Basic circuit to keep LED either on or off depending on night/day

The logic is inverted in your circuit. Photoresistors have higher resistance when dark, so the current will be small when dark and larger when light. That means you need inversion between the LDR current and the LED current since you want the LED to light when it is dark.

Since you want the LED to be either full on or full off, you need a high gain centered around the setpoint, or even better, a little hystersis.

So to summarize, you need something that inverts and has a little hysteresis. That is pretty easy to do with a opamp. I don't know whether you consider that "basic electronics" or not.

I have to run off now, but later tonight or tomorrow morning I can provide a circuit.

Added:

I'm back, so can now post a schematic of what I only had time to talk about briefly before.

This circuit will light the LED when dark, it will snap between full on and full off, and it can drive the LED to full brightness. The last two are things the other single-transistor solution can't do.

R1 and R2 form a voltage divider. This voltage goes up as R2 goes up, which means higher voltage when dark. When this voltage gets to about 500 or 600 mV, a little current flows thru the base of Q2. That causes a lot more current to flow thru its collector, which then also flows thru the base of Q1. That allows a lot lot more current to flow thru the collector of Q1, which lights the LED. With the values shown, the LED current will be nearly 20 mA when on, which is the limit for most ordinary discrete LEDs. Make R4 bigger if you want less LED current.

R3 provides a little positive feedback, also called hysterisis. It only adds or subtracts a small current from the base of Q2, but enough to tip the whole circuit to one side or the other when the light level is just at the threshold between on and off.

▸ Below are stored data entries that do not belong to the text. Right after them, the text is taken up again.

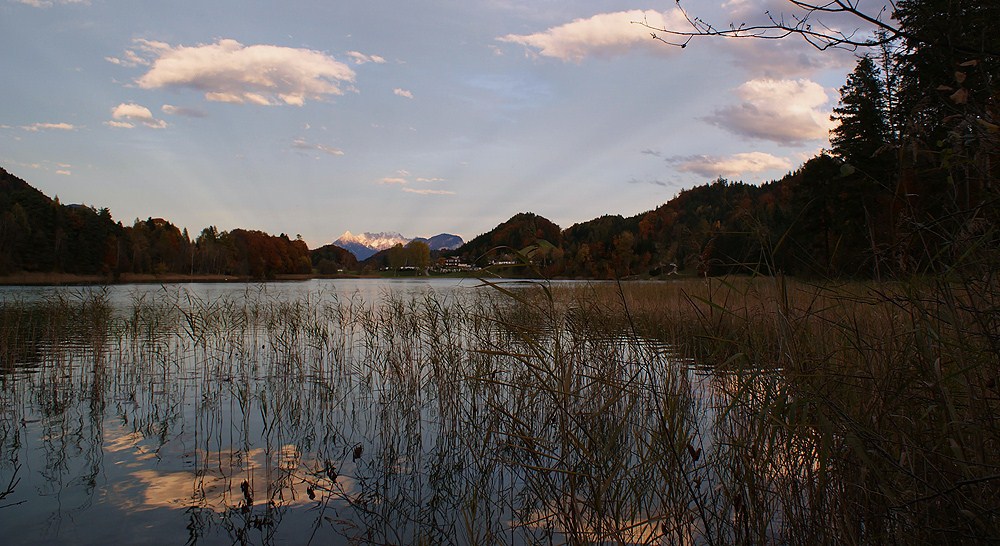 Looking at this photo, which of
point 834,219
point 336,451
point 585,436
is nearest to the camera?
point 585,436

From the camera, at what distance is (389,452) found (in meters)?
6.07

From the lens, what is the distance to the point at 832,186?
30375 mm

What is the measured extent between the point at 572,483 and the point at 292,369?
8747mm

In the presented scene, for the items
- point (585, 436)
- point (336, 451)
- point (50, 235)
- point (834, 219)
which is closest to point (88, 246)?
point (50, 235)

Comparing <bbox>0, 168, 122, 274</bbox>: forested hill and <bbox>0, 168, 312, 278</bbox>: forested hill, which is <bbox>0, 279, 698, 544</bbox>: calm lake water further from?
<bbox>0, 168, 122, 274</bbox>: forested hill

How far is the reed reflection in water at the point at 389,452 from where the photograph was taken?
297 cm

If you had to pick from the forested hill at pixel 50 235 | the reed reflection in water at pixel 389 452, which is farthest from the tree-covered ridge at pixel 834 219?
the reed reflection in water at pixel 389 452

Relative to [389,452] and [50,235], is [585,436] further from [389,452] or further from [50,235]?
[50,235]

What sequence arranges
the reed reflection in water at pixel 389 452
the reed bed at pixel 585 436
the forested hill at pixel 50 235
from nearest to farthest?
the reed bed at pixel 585 436
the reed reflection in water at pixel 389 452
the forested hill at pixel 50 235

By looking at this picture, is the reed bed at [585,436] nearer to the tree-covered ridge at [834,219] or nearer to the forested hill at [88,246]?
the tree-covered ridge at [834,219]

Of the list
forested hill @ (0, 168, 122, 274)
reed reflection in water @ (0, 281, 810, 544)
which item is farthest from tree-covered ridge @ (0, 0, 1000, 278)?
reed reflection in water @ (0, 281, 810, 544)

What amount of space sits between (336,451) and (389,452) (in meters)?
0.68

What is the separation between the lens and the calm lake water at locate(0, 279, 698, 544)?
11.1 feet

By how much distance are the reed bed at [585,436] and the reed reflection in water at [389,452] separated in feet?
0.14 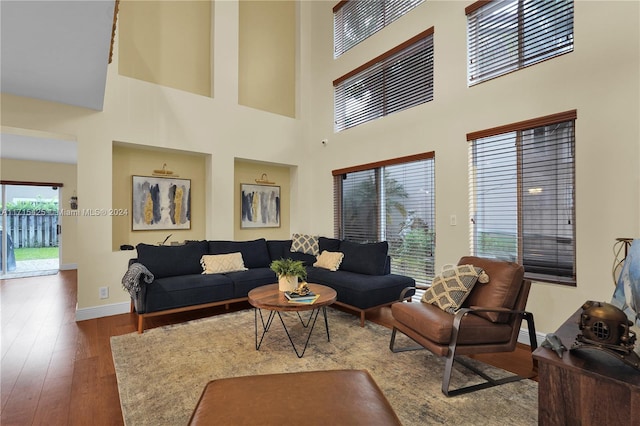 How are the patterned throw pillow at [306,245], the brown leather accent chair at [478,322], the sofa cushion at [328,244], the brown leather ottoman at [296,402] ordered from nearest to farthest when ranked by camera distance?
the brown leather ottoman at [296,402]
the brown leather accent chair at [478,322]
the sofa cushion at [328,244]
the patterned throw pillow at [306,245]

Note how it turns Q2 on more when current is flowing thru the LED. This is what provides the snap action.

The R5 is there just to limit the Q1 base current. Without it in darkness, the Q1 base current would only be limited by the gain of Q2. It's not a good idea to rely on the maximum gain of a transistor. It is rarely specified, and can be many times more than the guaranteed minimum gain. The value of R5 was chosen to still allow for enough Q1 base current so that Q1 can saturate at the maximum LED current of 20 mA.

R1 adjusts the light level at which the circuit trips. Lower values will move the threshold towards light and higher values towards dark.


You need the LED to be lit when the photoresistor is high resistance. So replace the photoresistor with a fixed resistor R3, to supply the base current to turn the transistor on.

Then you need the LED to turn off when the light shines, and the photoresistor is low resistance. So connect the photoresistor from base to ground.

Now, when its resistance is low enough, it will drain the current from R2 to ground, and hold the base voltage below 0.6V turning the transistor off.

Say, at 3kilohms we aim to get the base voltage down to 0.3V. Then 0.3V/3k = I = 0.1ma. Then R3 must drop the remaining voltage 4.7V at 0.1ma, so R3 should be 47k.

Now the transistor will start to turn on when the photocell resistance exceeds 6 kilohms. If that's still too bright, increase R2.